The existence of major palaces is evidence for states large enough to require administrative centers, but their number implies that government was largely decentralized.
Evans regarded the size of Knossos as proof that its king exercised suzerainty over the whole island.
This theory is reinforced by the marked similarity in plan and construction of all the palaces. Yet this implies no more than a common architectural and artistic tradition.
The existence of administrative records outside the main center shows that the other palaces had a measure of independence. Some kind of federal organization may have existed. Palaces and luxurious houses imply a king and an aristocracy.
A fresco from Thera depicting a fleet shows high officials in colored robes seated on the deck of the richly decorated flagship.

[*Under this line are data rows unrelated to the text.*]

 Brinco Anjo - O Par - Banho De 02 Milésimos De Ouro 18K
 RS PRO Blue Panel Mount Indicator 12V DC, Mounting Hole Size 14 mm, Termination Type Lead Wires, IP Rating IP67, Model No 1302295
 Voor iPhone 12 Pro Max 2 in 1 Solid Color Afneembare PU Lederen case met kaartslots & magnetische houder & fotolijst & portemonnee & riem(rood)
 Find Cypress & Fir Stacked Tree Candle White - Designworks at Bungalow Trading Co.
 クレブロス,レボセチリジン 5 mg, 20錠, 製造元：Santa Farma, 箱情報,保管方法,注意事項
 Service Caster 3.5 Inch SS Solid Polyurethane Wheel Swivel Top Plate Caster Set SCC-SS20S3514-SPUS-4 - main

The bulk of the population were obviously employed in agricultural pursuits, and a small class of craftsmen would have been needed to provide luxury goods.

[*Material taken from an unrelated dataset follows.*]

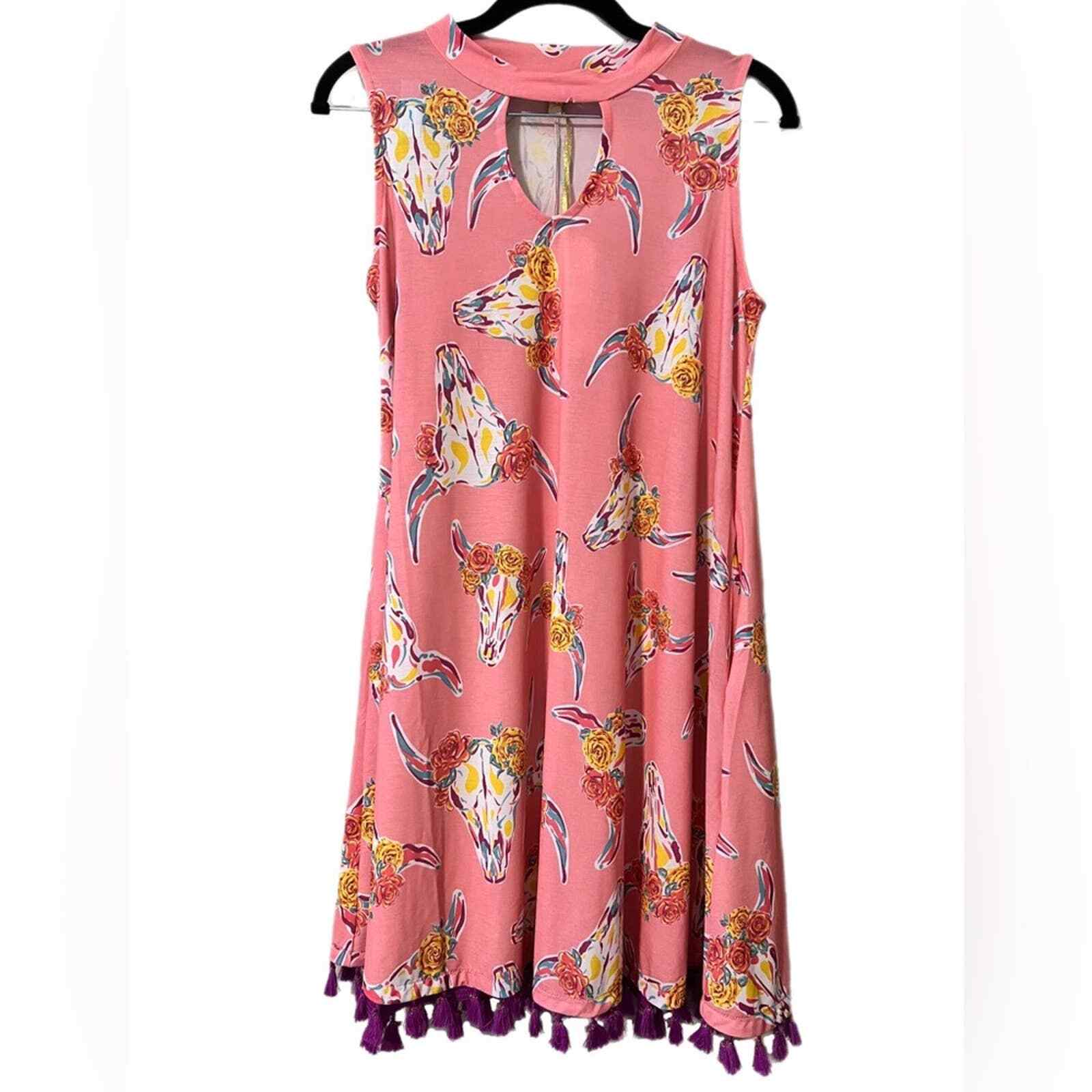 Simply Southern small sleeveless trapeze dress pink cow skulls purple tassels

Evidence for overseas contacts comes from the Minoan pottery found in many parts of the eastern Mediterranean.Whether the pottery itself was traded, or only its contents, is not always clear.

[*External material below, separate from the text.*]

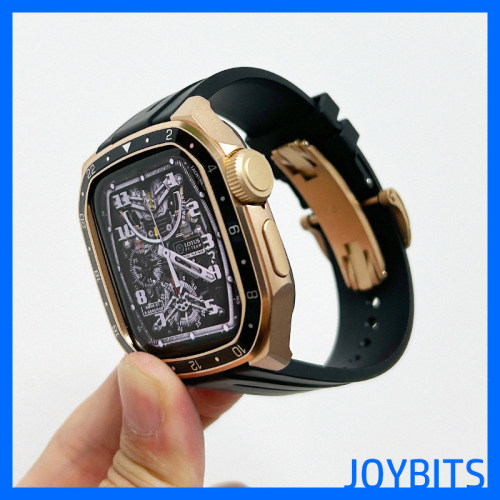 金属S11改装保护壳适用iWatch苹果手表带S10不锈钢蝴蝶扣45/46mm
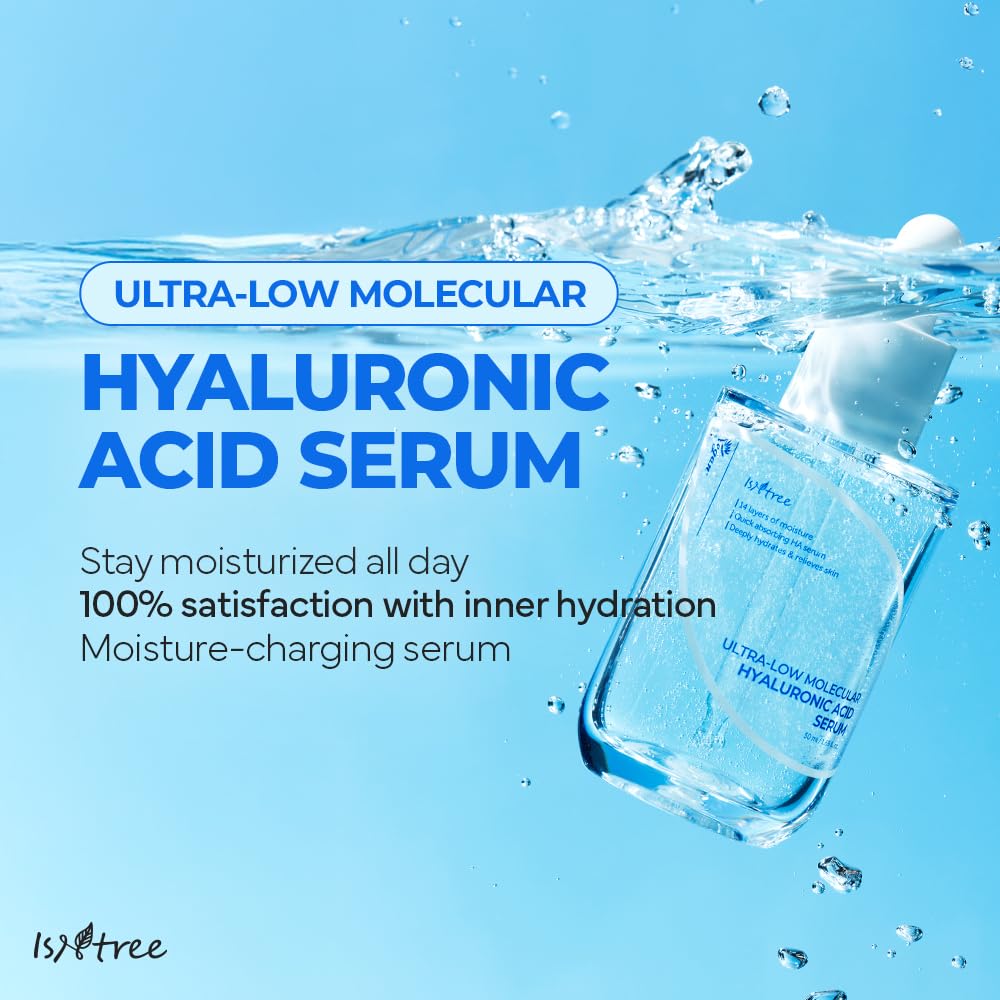 ISNTREE Ultra-Low Molecular Hyaluronic Acid Toner 300ml, 10.14 fl oz + Ultra-Low Molecular Hyaluronic Acid Serum 50ml, 1.69 fl oz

Some of the decorated vessels can only have been exported for their own value, but trade in olive oil, wine, and perfumes was likely.
Crete has poor mineral resources, and metals must have been mainly imported.
On the other hand, timber, which is now scarce, may well have been plentiful. Luxury goods such as gold and ivory were imported.
It can be proved that the raw material for some of the stone vessels made in Crete was brought from the mainland.